[Task item]:
Each record below should be output verbatim, without pictures.

--- Record excerpts ---

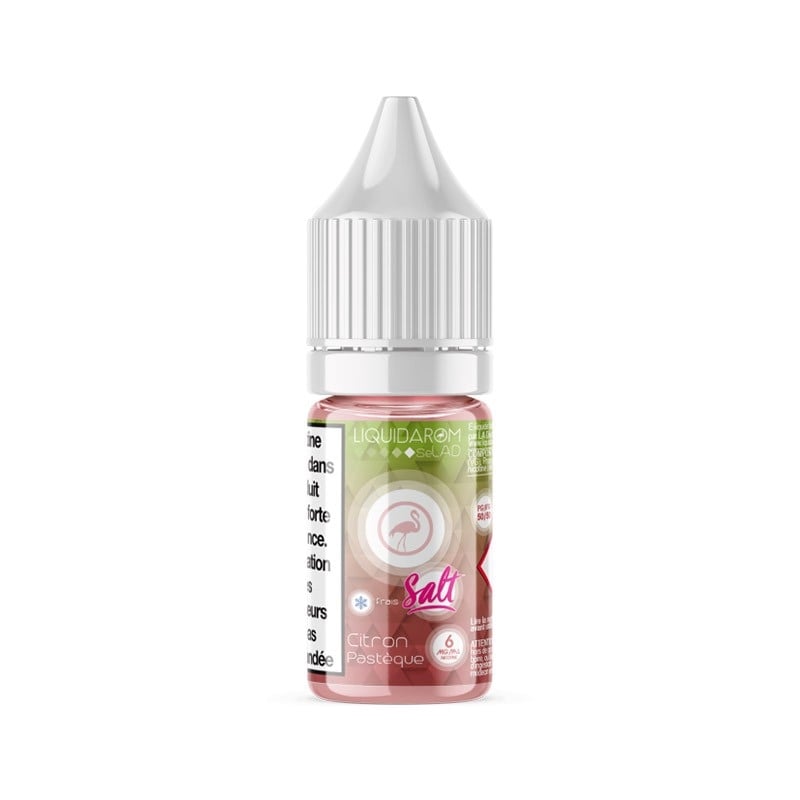 e-liquide Citron Pastèque 10 ml Sel de Nicotine - LiquidArom pas cher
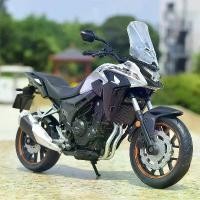 ราคา 1:12 Scale HONDA CB400Xลิงน้อยรถจักรยานยนต์รุ่นของเล่นรถDiecastยางShock Absorptionรุ่นของขวัญเด็ก (1735130737869883298)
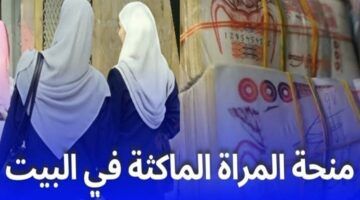 فرصة حلوة .. خطوات التقديم على منحة المرأة الماكثة في البيت 2025 الجزائر هتسعدك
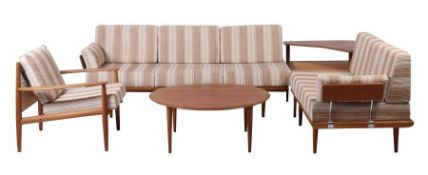 Peter Hvidt & Orla Mølgaard-Nielsen Dänisches Designerpaar, tätig in den 1950-70er Jahren.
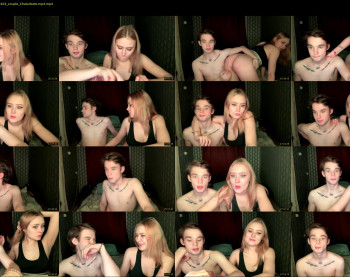 eva_werd17 — 43 minute Chaturbate couple cam video clip, 720p, Feb 9, 2023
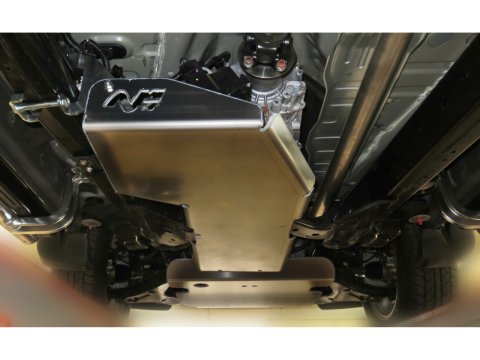 Ski de protection boîtes vitesses et transfert en aluminium de 8mm pour Mitsubishi L200 après 2015 et Fiat Fullback N4-Offroad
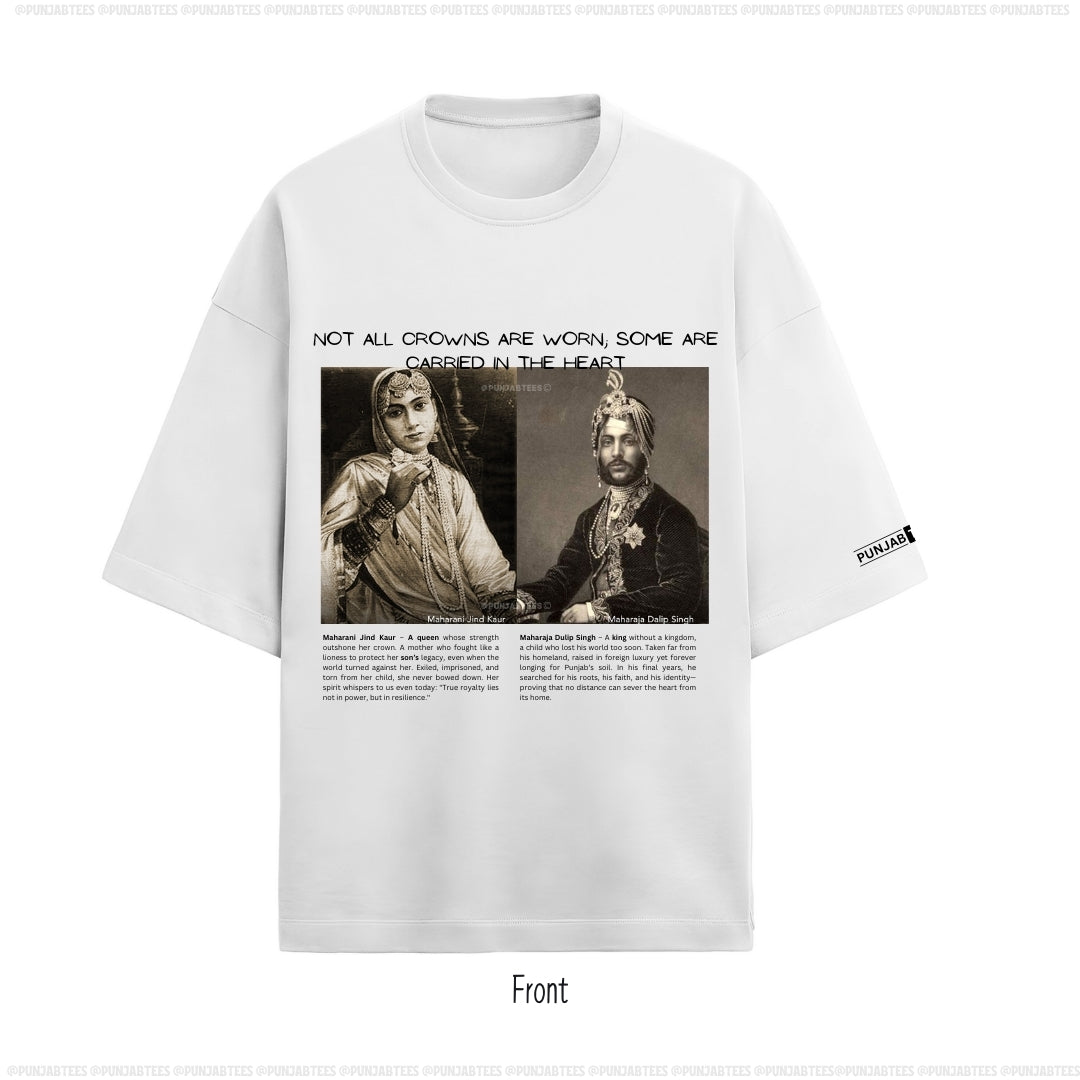 Maharani Jind Kaur X Maharaja Dilip singh: : Ultra-Soft & Premium Tee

---

[Result of this exercise]:
 e-liquide Citron Pastèque 10 ml Sel de Nicotine - LiquidArom pas cher
 ราคา 1:12 Scale HONDA CB400Xลิงน้อยรถจักรยานยนต์รุ่นของเล่นรถDiecastยางShock Absorptionรุ่นของขวัญเด็ก (1735130737869883298)
 فرصة حلوة .. خطوات التقديم على منحة المرأة الماكثة في البيت 2025 الجزائر هتسعدك
 Peter Hvidt & Orla Mølgaard-Nielsen Dänisches Designerpaar, tätig in den 1950-70er Jahren.
 eva_werd17 — 43 minute Chaturbate couple cam video clip, 720p, Feb 9, 2023
 Ski de protection boîtes vitesses et transfert en aluminium de 8mm pour Mitsubishi L200 après 2015 et Fiat Fullback N4-Offroad
 Maharani Jind Kaur X Maharaja Dilip singh: : Ultra-Soft & Premium Tee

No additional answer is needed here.